И как же, однако, горько, что не может разделить со мной радость незабвенная Лена…»
— Погоди, папа, — прервал я чтение, — Что-то я не все понимаю. Тут столько имен… Миша — это кто?
— Брат твоего деда. Мой дядя, стало быть. Отец, помнится, говорил, что он в Севастополе погиб.
— А Костя?
— Ну как же! Это и есть твой дед, Константин Александрович. А «Туман» — сторожевой корабль, на котором он в войну служил. Еще тут, как видишь. Лена упоминается. Надо полагать, речь идет о моей бабке Елене Васильевне. Ее убило бомбой в самом начале войны. А вот кто такой дядя Павел — увы, не знаю.
— Слушай, папа, а ты обратил внимание, здесь вначале говорится о каком-то прадеде, герое обороны Севастополя? Как же его звали?
— Тоже не знаю.
— А помнишь, мы с Серегой на кладбище могилу поручика Соколова видели. Тоже герой Севастополя в Крымскую войну…

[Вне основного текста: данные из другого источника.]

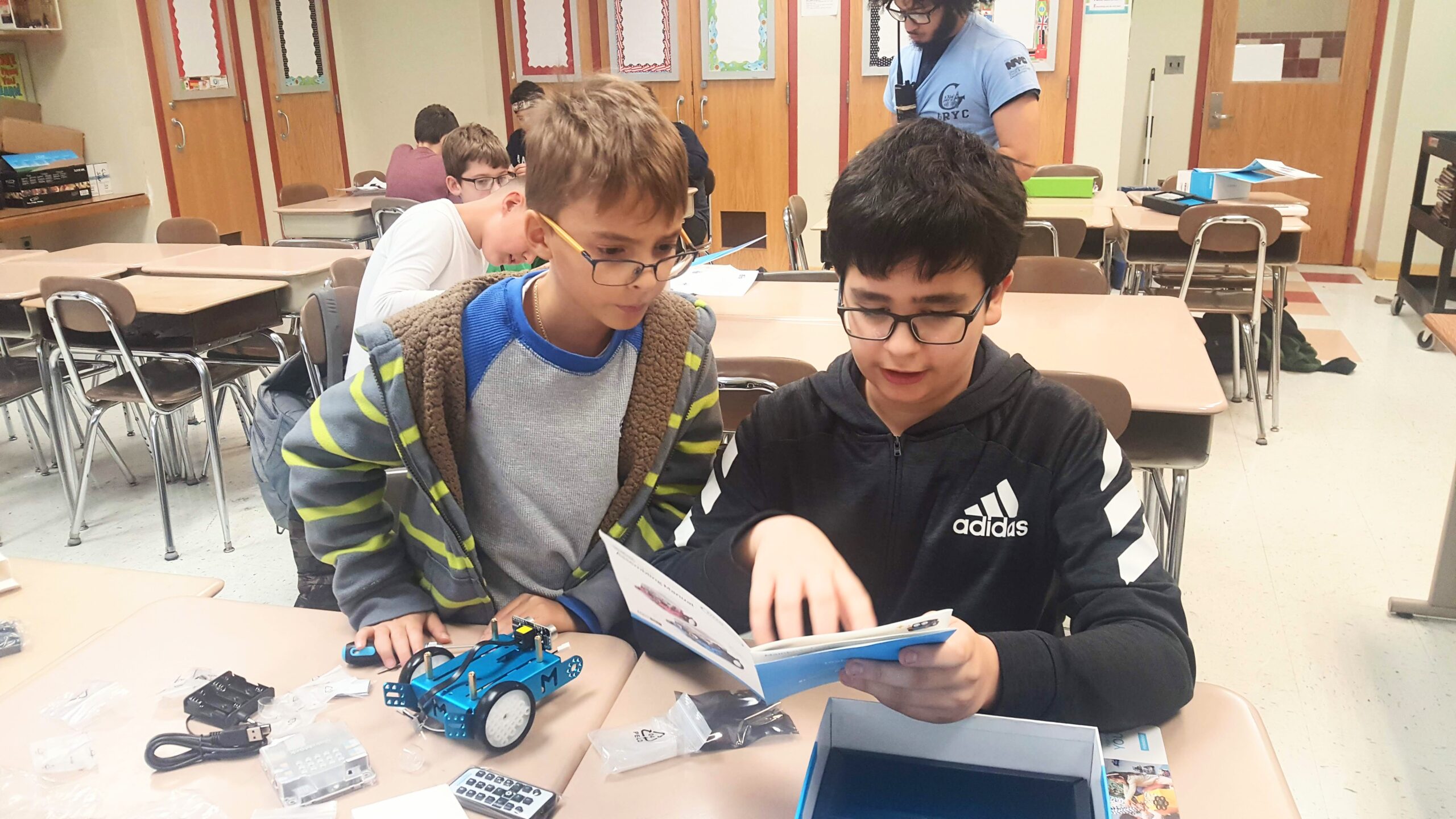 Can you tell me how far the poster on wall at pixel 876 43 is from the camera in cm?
589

— Ну, это скорей всего случайное совпадение. Хотя, впрочем… Вот что, Никола: видишь, сколько тут писем, фотографий, бумаг разных. Если во всем этом внимательно разобраться, можно узнать очень много. Как, берешься?
— Берусь. А ты мне поможешь?
— Обязательно.
Я снова взглянул на портрет мальчика в красной рубашке, и лицо его уже не казалось мне серьезным. Скорей в нем можно было угадать какое-то нетерпеливое ожидание, будто мальчишка хотел сказать: «Давай, Никола, не робей! Разбирайся быстрей! Давно пора познакомиться».
Домой мы возвращались уже ночью. Папа усадил меня на заднее сиденье и велел спать. Но спать совсем не хотелось. Мягким зеленым светом мерцала приборная доска, играла тихая старинная музыка, а за окнами проплывали темные пространства бесконечных полей с дрожащими загадочными огоньками в глубине. И мне вдруг представилось, что мы с папой мчимся сейчас в машине времени. Мчимся туда, где нас ждут.